Na autostradzie A1 w miejscowości Niedrzew Drugi w powiecie kutnowskim autobus wiozący dzieci wracające z obozu zderzył się z samochodem ciężarowym. 17 osób trafiło do szpitali.
Po godzinie 14.30 na autostradzie A1 między węzłami Kowal i Kutno Północ doszło do bardzo groźnego wypadku drogowego.
– Do zdarzenia doszło na A1 w kierunku Łodzi. Z niewyjaśnionych na ten moment przyczyn kierujący autokarem najechał na tył naczepy ciągnika siodłowego. Auto ciężarowe przewróciło się na bok, a autokar zjechał na pas zieleni uderzając w bariery ochronne. W autokarze znajdowała się grupa 39 dzieci, trzech opiekunów i kierowca. 17 osób zostało przetransportowanych karetkami pogotowia do pobliskich szpitali – mówi młodszy aspirant Justyna Cywka.
Na miejscu działania prowadzili strażacy z Kutna, Łaniąt i Komadzyna, a także ratownicy z pogotowia oraz policjnci.

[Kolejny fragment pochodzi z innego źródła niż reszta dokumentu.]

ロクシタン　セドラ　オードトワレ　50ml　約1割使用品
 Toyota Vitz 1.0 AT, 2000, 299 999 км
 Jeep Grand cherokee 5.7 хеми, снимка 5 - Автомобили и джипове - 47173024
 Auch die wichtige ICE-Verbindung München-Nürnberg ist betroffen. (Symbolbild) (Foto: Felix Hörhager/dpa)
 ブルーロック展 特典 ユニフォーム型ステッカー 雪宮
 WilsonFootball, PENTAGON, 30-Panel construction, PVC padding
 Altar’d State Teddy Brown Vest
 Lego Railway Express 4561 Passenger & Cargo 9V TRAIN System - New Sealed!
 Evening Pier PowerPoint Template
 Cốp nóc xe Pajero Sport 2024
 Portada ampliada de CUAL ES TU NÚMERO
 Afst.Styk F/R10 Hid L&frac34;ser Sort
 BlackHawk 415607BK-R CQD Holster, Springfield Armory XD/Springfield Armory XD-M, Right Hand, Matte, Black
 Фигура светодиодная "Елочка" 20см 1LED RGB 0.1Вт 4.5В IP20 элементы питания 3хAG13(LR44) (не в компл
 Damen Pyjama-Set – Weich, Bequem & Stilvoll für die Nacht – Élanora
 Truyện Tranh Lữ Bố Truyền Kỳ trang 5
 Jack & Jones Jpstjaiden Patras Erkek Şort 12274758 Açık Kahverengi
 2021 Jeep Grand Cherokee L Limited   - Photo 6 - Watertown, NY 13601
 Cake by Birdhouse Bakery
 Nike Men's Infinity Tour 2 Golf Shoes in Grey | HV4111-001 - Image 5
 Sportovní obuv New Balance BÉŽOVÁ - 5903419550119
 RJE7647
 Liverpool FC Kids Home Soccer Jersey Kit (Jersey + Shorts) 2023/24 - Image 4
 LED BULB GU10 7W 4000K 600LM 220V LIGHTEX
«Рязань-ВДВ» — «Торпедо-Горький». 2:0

Rzecznik Lotniczego Pogotowia Ratunkowego Justyna Sochacka powiedziała, że obrażenia rannych nie były poważne i nie było konieczności wykorzystania helikoptera ratunkowego. – Nie jest to nic nadzwyczajnego, że w przypadku takiego zdarzenia z dużą liczbą osób poszkodowanych, dyspozytor zdecydował się wezwać również LPR. Przyleciał tam śmigłowiec z Płocka. Na szczęście okazało się, że nikogo stan nie jest na tyle pilny i wymagający transportu do specjalistycznego szpitala drogą lotniczą. Śmigłowiec wrócił do bazy.
Justyna Sochacka zaapelowała również do kierowców o tworzenie tzw. „korytarza życia”, by ułatwić służbom dotarcie do miejsca zdarzenia.
Obaj kierowcy byli trzeźwi. Nie odnieśli obrażeń. Dzieci, które nie wymagały opieki medycznej, zostały przesadzone do podstawionych autokarów. Służby drogowe usunęły już rozbite wraki pojazdów, które uczestniczyły w wypadku. O godz. 21. zakończyły się utrudnienia na autostradzie A1, jest już przejezdna w obu kierunkach. Funkcjonariusze wyjaśniają okoliczności tego wypadku.